YRC Worldwide Inc. (NASDAQ: YRCW) was initiated in research coverage at Credit Suisse. The firm issued an Underperform rating on the trucking company’s shares, but the degree to which it is expected to underperform is massive. YRC’s shares closed at $31.47 on Friday, against a 52-week trading range of $5.01 to $36.99, and Credit Suisse reassigned a price target of $7 on this stock.
If Credit Suisse is correct, then YRC’s great turnaround is going to end poorly for its turnaround investors. What appears to have happened today is that the firm is resuming coverage after the departure of the primary analyst. Allison Landry assumed the coverage, and the Underperform rating comes with no changes to Credit Suisse’s earnings estimates at this time. Most of the firm’s ratings on peers and rivals are Neutral or Overweight.

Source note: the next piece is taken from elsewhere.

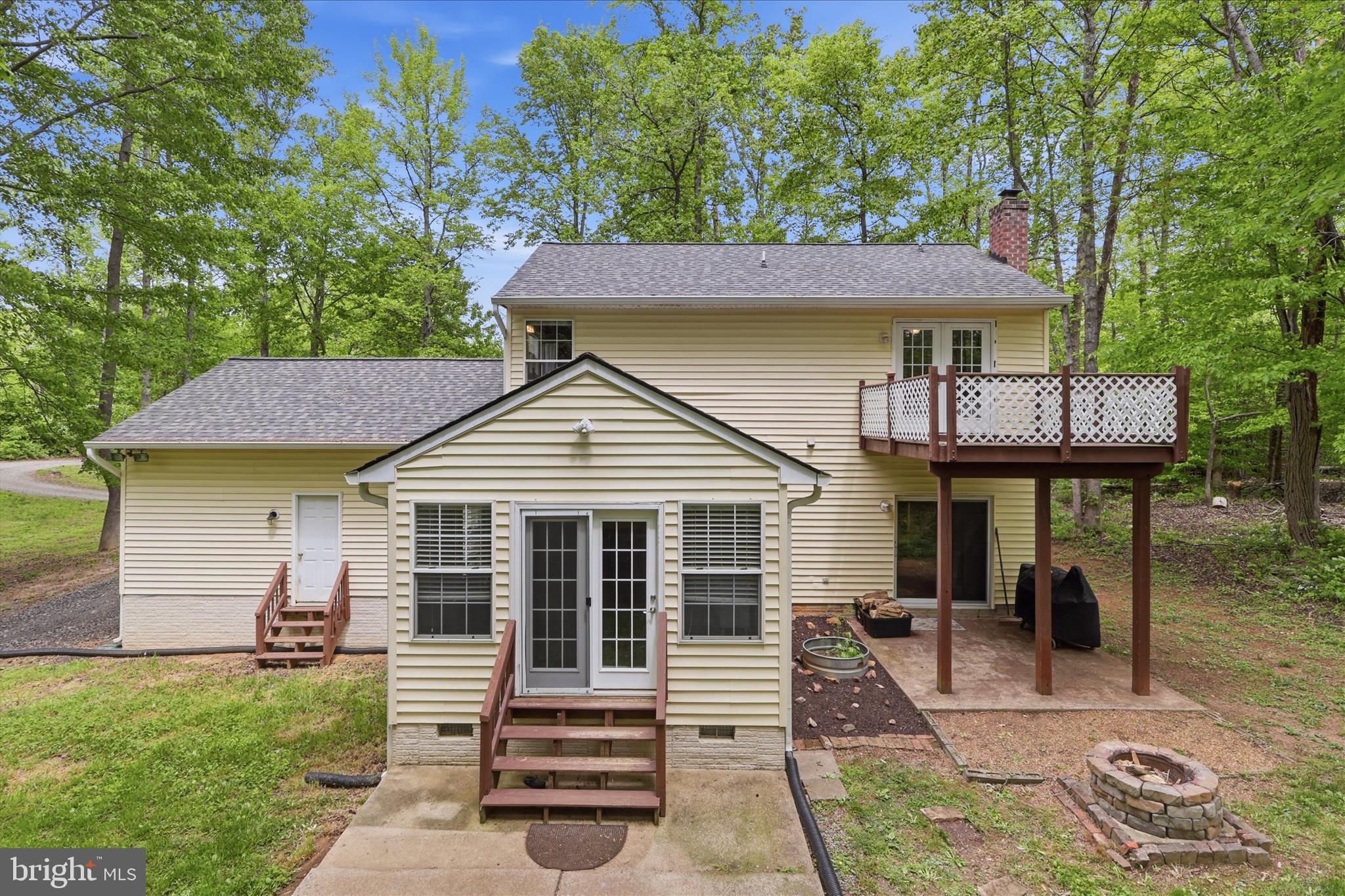 515 Shelton Shop Road Stafford, VA 22554 - Photo 42 of 52 a front view of a house with garden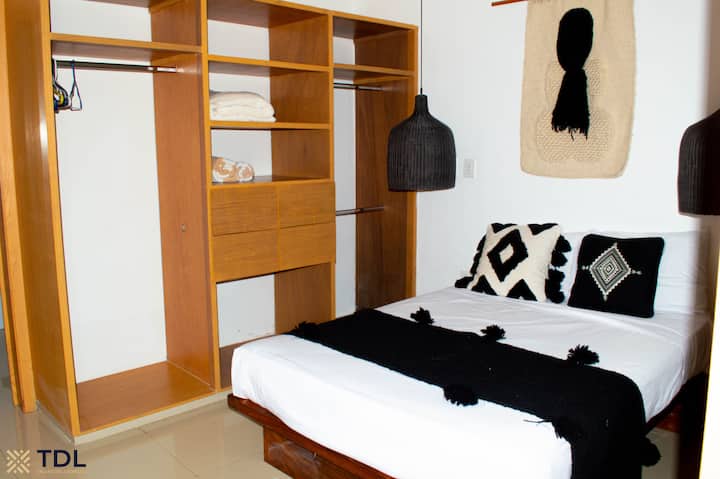 "Dhoma e parë të mirëpret me një krevat dopio të rehatshëm dhe një dollap tepër të madh, duke të dhënë rehatinë dhe hapësirën ideale për të organizuar të gjitha sendet e tua me liri të plotë."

For the current quarter, Credit Suisse says that it is the same as the consensus at -$0.93 EPS. For 2013, Credit Suisse has its earnings estimate at -$7.04 per share, versus the consensus EPS estimate of -$4.86. Where this call gets interesting is that next year’s earnings estimate from Credit Suisse is $0.03 per share, against a consensus estimate of -$0.23 EPS.
It is rather unusual to see an analyst issue such a strong downside price target, but perhaps it is simply because it is resuming the stock with no outlook changes. That being said, a drop to $7 from the $31.47 close on Friday is effectively calling for downside of about 78%.
For whatever this is worth, BB&T Capital Markets raised its rating to Buy from Hold and assigned a $40 price target back on July 1. There is a pretty big difference between $7 and $40, but that is what makes a horse race.